Items from a dataset:
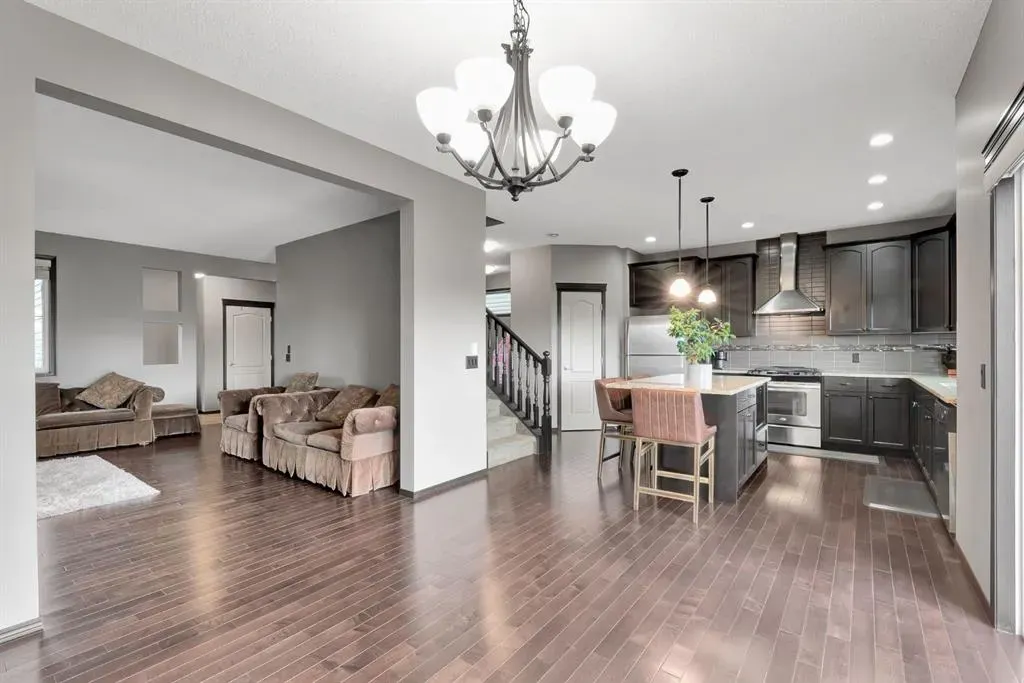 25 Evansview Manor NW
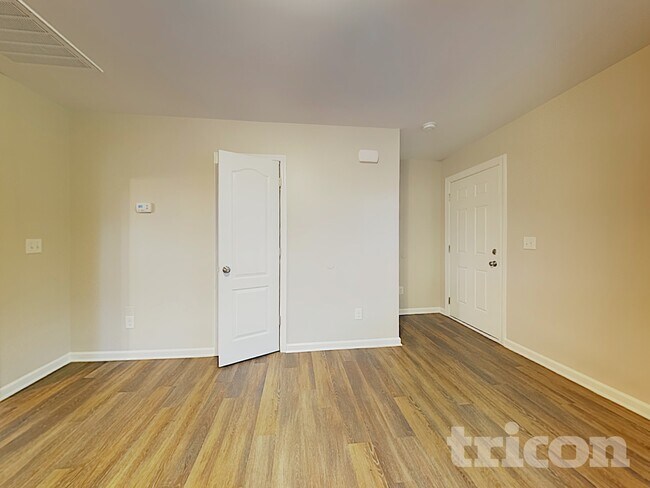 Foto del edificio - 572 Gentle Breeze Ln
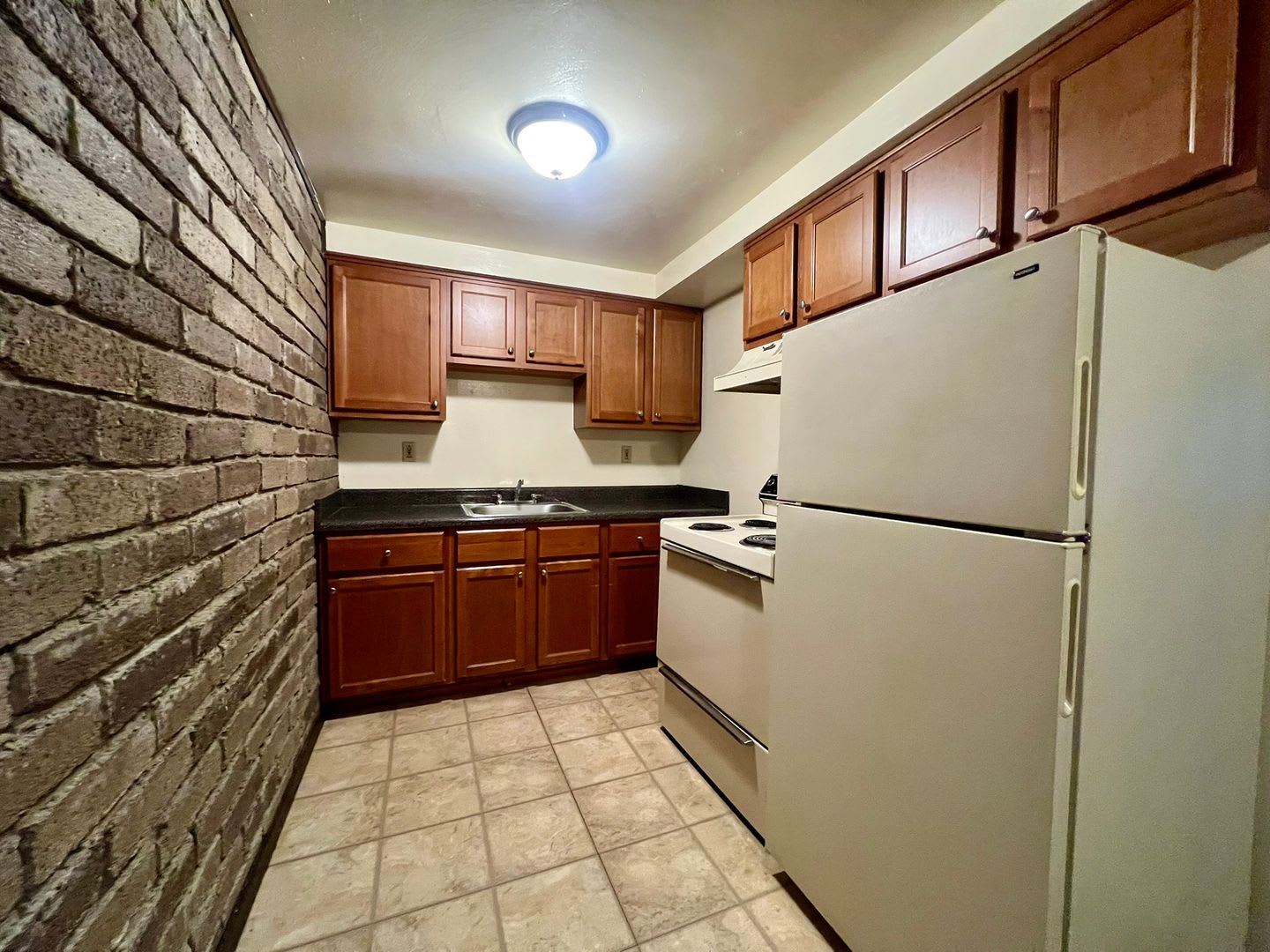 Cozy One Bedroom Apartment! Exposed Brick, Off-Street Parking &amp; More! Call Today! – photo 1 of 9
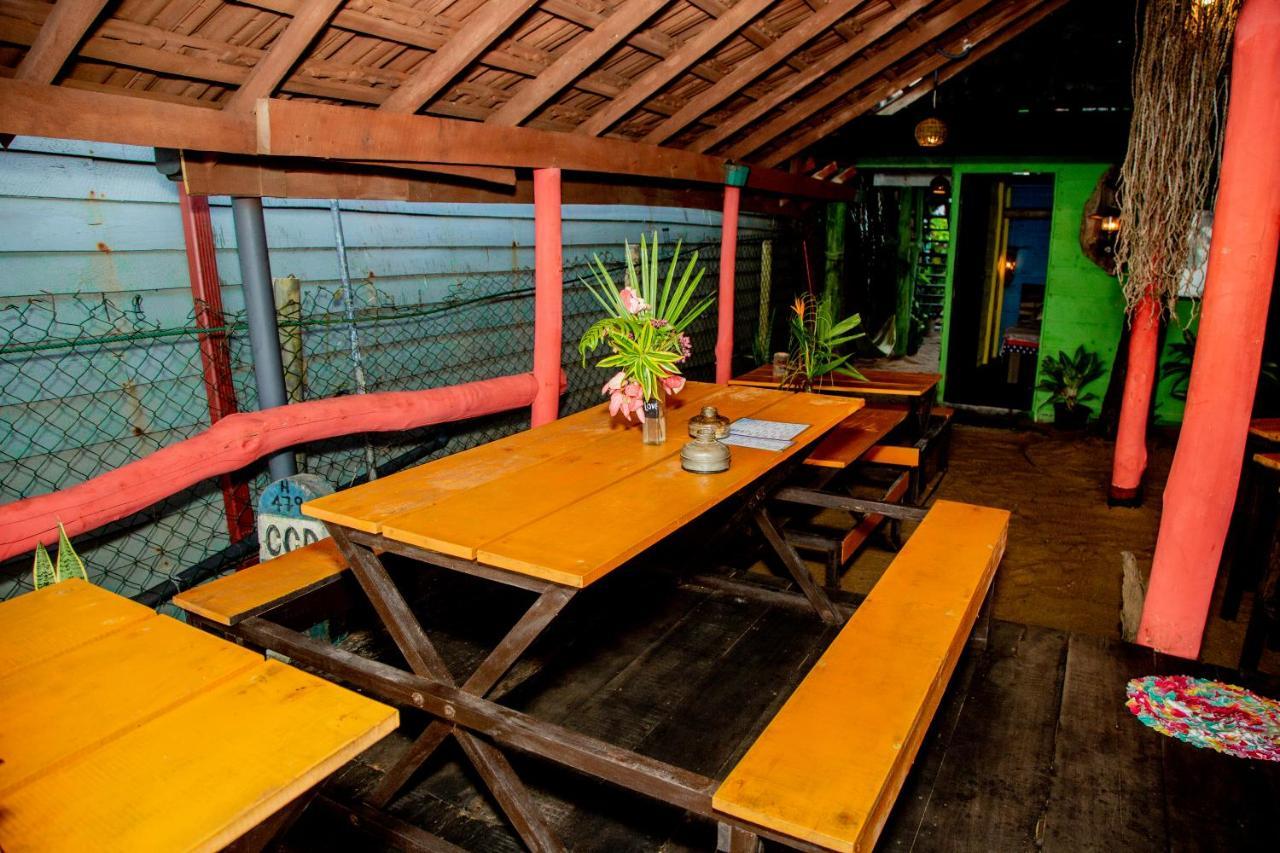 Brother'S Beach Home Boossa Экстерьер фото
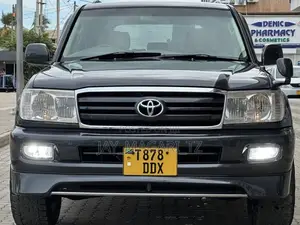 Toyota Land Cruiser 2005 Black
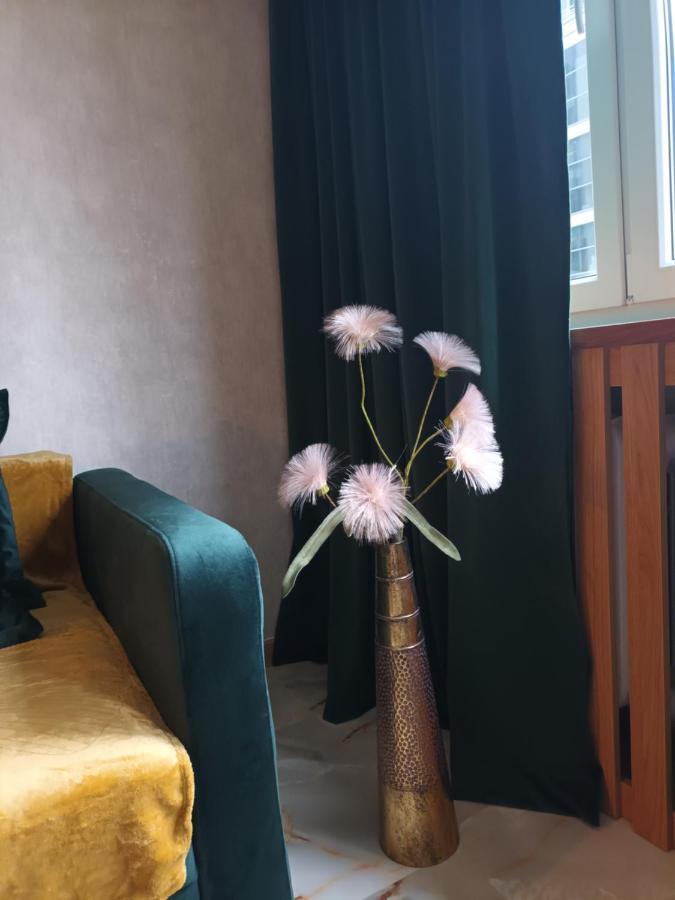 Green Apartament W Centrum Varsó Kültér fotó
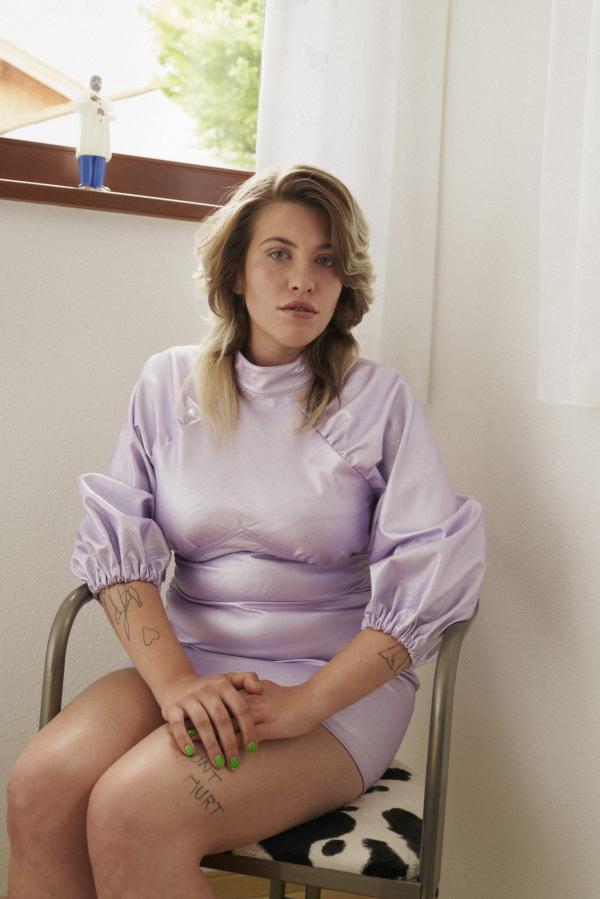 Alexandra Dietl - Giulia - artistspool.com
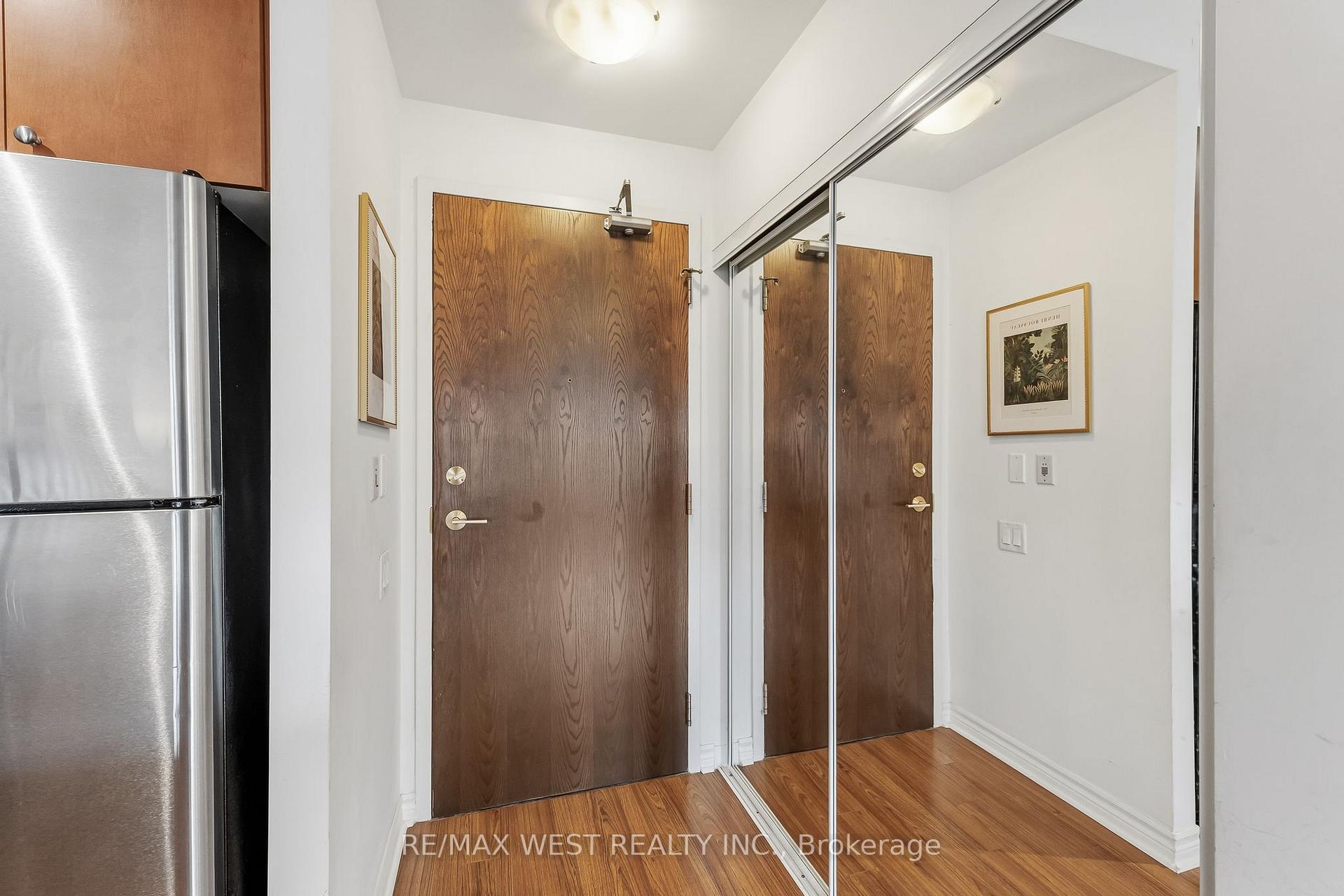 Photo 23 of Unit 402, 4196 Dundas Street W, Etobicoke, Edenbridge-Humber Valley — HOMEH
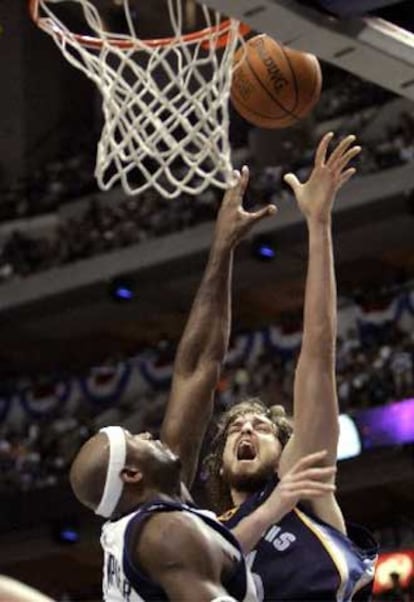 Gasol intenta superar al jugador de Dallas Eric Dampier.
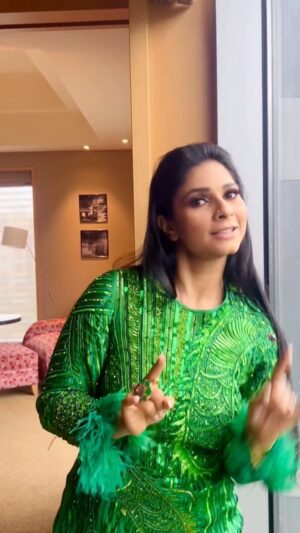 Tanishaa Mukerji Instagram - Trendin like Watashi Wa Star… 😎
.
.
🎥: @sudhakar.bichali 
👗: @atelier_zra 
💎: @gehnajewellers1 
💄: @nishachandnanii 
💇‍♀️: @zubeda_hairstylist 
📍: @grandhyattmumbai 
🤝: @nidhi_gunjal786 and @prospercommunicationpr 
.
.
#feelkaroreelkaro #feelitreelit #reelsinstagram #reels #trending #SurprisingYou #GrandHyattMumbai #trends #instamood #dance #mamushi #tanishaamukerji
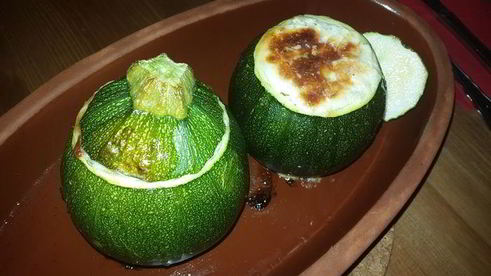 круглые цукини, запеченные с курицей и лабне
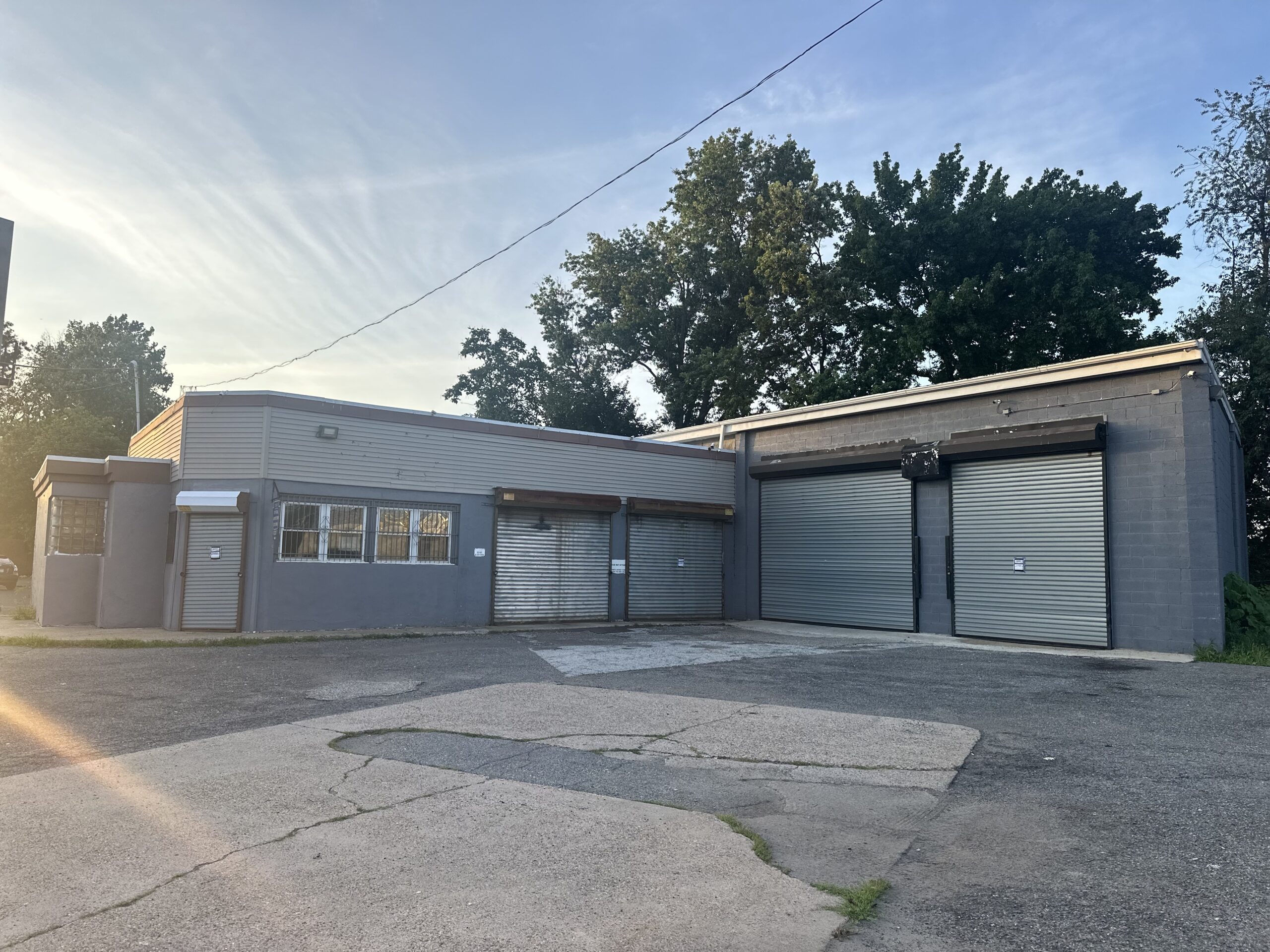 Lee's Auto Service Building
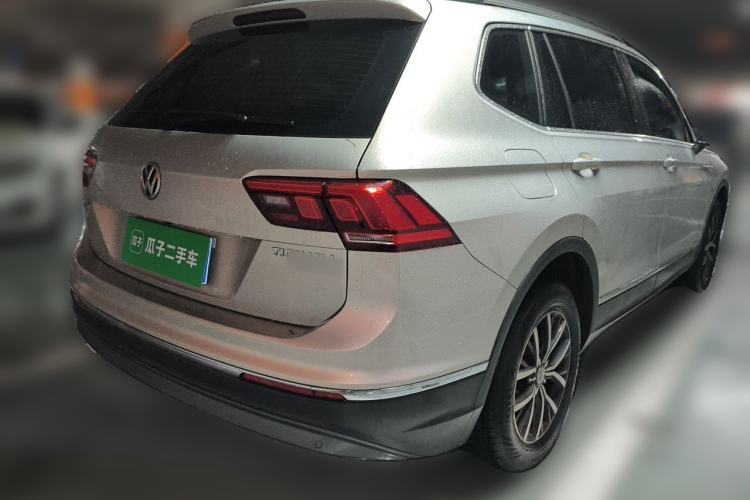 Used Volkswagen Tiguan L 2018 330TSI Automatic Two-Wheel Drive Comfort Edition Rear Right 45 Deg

**What the task asks**
Print only the lines from the first line of the data above through the one containing "Photo 23 of", exactly as they are, with pictures omitted.

**Response box**
 25 Evansview Manor NW
 Foto del edificio - 572 Gentle Breeze Ln
 Cozy One Bedroom Apartment! Exposed Brick, Off-Street Parking &amp; More! Call Today! – photo 1 of 9
 Brother'S Beach Home Boossa Экстерьер фото
 Toyota Land Cruiser 2005 Black
 Green Apartament W Centrum Varsó Kültér fotó
 Alexandra Dietl - Giulia - artistspool.com
 Photo 23 of Unit 402, 4196 Dundas Street W, Etobicoke, Edenbridge-Humber Valley — HOMEH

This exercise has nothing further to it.